The v2 protocol would set up an encrypted connection between two nodes, impeding eavesdropping by forcing an attacker to become active, and in a sense be discovered by network participants. 

“Our goal includes making opportunistic encryption ubiquitously available, as that provides the best defense against large-scale attacks,” wrote the developers. 

Some of the other features include faster node bootstrapping with a UTXO snapshot, which would bring nodes online instantly, as opposed to a full sync which could take hours.

Some Bitcoin developers have indicated that the next version of Bitcoin Core, v27, might mark the end of the Bitcoin Ordinals’ inscriptions. 

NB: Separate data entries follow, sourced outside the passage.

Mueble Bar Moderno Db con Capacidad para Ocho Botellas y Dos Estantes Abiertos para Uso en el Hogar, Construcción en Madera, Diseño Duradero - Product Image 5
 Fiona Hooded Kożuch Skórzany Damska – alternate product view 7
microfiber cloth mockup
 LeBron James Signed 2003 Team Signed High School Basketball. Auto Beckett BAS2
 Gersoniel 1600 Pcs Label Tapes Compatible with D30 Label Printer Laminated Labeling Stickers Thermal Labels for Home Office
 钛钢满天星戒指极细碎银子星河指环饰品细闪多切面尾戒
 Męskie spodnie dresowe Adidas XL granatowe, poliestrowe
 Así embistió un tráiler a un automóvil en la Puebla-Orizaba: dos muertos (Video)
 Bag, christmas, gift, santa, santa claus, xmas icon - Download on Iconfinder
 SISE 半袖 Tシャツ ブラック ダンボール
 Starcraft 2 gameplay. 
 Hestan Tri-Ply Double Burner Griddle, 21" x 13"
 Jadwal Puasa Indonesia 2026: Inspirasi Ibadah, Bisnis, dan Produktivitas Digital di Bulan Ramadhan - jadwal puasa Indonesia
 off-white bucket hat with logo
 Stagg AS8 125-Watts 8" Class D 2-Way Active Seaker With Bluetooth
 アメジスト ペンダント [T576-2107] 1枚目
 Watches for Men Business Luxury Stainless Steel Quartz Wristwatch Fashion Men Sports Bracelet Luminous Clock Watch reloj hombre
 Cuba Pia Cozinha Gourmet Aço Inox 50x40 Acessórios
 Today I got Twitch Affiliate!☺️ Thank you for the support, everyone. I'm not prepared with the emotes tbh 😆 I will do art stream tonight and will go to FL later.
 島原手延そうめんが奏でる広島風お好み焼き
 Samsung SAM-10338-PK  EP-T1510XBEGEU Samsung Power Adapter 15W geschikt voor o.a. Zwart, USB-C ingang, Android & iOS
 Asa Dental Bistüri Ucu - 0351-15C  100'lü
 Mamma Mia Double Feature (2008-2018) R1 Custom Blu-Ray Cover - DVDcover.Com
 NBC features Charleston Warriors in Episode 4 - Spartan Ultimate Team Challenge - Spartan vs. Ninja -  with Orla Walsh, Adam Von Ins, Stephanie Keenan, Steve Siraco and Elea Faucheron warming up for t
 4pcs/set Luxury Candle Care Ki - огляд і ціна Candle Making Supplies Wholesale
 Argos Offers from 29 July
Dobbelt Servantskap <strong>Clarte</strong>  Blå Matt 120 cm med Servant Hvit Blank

The surge in popularity of these inscriptions has led to high levels of congestion on the network of late, and Bitcoin Core developer Luke Dashjr claims that these inscriptions are spamming the blockchain by exploiting a vulnerability in the software.

The bug fix was recently fixed in an upgrade to Bitcoin Knots, which is a derivative of Bitcoin Core with a collection of improvements backported from and sometimes maintained outside of the master git tree. Some of its features, however, have not been tested to the same extent as they have in Bitcoin Core.

Ocean, a decentralized mining Bitcoin protocol, said it had implemented the Bitcoin Knots upgrade which would address the “long-standing vulnerability exploited by modern spammers.”

However, some Bitcoin proponents viewed the move as “pro-censorship” and criticized Ocean for filtering these transactions.

On the other hand, Dashjr, who is also the chief technology officer at Ocean, still claims that Ordinals have been “an attack on Bitcoin from the start” and the damage it’s doing to Bitcoin is “huge and irreversible.”